*Task brief*
Could you return each line of the material that has "dans" in it?

*Stored data*
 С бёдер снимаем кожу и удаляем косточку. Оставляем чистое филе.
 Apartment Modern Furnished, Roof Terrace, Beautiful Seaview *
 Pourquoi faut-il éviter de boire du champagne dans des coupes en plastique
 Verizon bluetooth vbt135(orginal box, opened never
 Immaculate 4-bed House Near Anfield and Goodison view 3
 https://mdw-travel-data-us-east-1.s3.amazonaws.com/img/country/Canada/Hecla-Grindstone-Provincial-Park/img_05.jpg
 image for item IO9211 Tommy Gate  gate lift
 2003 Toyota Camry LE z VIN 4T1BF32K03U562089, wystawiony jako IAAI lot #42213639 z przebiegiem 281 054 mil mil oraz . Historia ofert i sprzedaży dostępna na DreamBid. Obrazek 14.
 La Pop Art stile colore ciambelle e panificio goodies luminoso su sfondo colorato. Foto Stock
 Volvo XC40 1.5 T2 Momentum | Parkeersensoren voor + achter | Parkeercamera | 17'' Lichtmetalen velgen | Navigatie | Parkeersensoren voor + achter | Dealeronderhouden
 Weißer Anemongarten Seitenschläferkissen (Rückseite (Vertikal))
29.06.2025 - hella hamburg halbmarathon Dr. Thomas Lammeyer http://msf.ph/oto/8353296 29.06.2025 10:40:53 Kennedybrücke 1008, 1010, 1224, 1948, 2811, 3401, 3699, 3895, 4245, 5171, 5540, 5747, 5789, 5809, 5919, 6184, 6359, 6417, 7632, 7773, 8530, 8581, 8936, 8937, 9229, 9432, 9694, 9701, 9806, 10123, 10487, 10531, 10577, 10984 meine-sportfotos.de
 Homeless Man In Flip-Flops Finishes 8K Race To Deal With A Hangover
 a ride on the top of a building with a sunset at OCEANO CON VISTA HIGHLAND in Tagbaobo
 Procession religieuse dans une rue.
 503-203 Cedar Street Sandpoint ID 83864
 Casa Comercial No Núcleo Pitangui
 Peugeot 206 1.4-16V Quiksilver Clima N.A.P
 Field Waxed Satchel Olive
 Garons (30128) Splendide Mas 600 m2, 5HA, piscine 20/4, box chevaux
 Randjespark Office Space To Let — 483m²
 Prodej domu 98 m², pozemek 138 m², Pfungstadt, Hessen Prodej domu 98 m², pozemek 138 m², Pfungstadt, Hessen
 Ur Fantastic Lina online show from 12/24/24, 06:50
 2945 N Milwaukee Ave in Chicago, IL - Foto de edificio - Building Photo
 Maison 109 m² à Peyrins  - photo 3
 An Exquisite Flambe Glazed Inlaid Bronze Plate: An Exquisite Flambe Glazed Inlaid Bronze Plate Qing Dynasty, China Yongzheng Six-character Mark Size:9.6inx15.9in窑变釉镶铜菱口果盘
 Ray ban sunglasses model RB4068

*Response to this exercise*
 Pourquoi faut-il éviter de boire du champagne dans des coupes en plastique
 Procession religieuse dans une rue.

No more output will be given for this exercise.